(Task prompt) I'd like the full listing transcribed exactly, with no images included.

(Information provided)
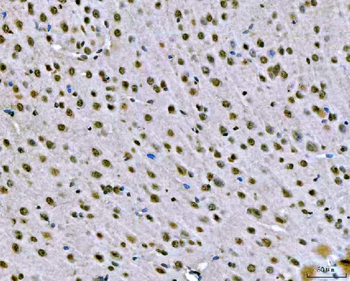 SNRPN Rabbit Polyclonal Antibody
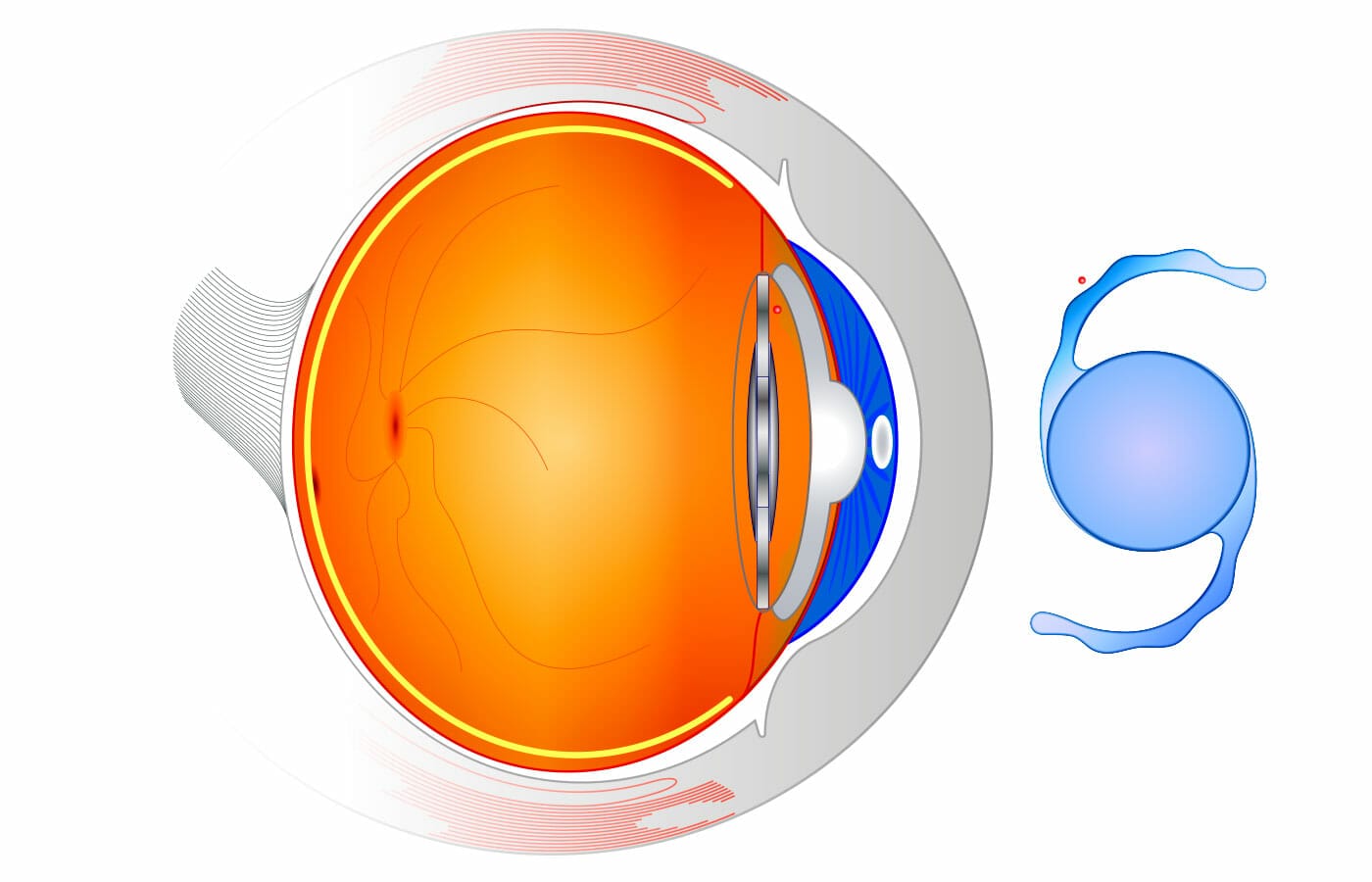 Managing macular degeneration: a guide to available resources and support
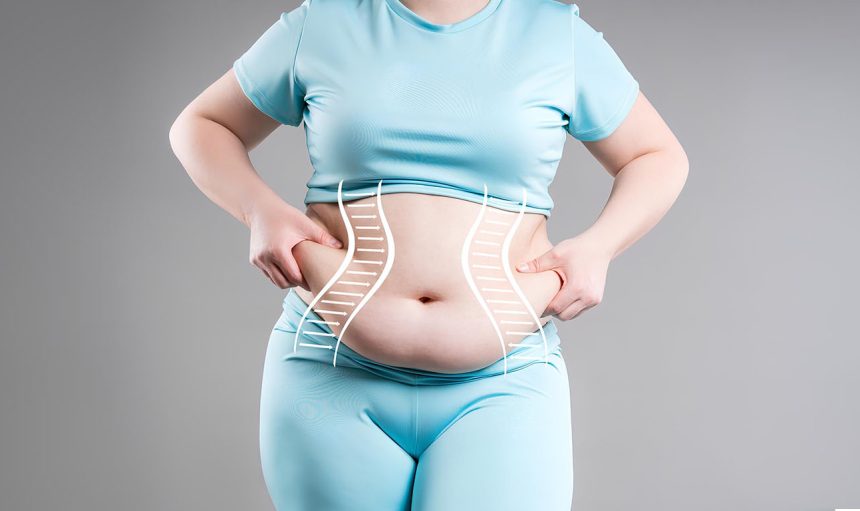 tummy-tuck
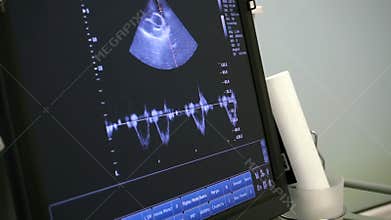 Medical vital signs monitor instrument in a hospital on anesthesia surgery monitor. ECG.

(Response area)
 SNRPN Rabbit Polyclonal Antibody
 Managing macular degeneration: a guide to available resources and support
 tummy-tuck
 Medical vital signs monitor instrument in a hospital on anesthesia surgery monitor. ECG.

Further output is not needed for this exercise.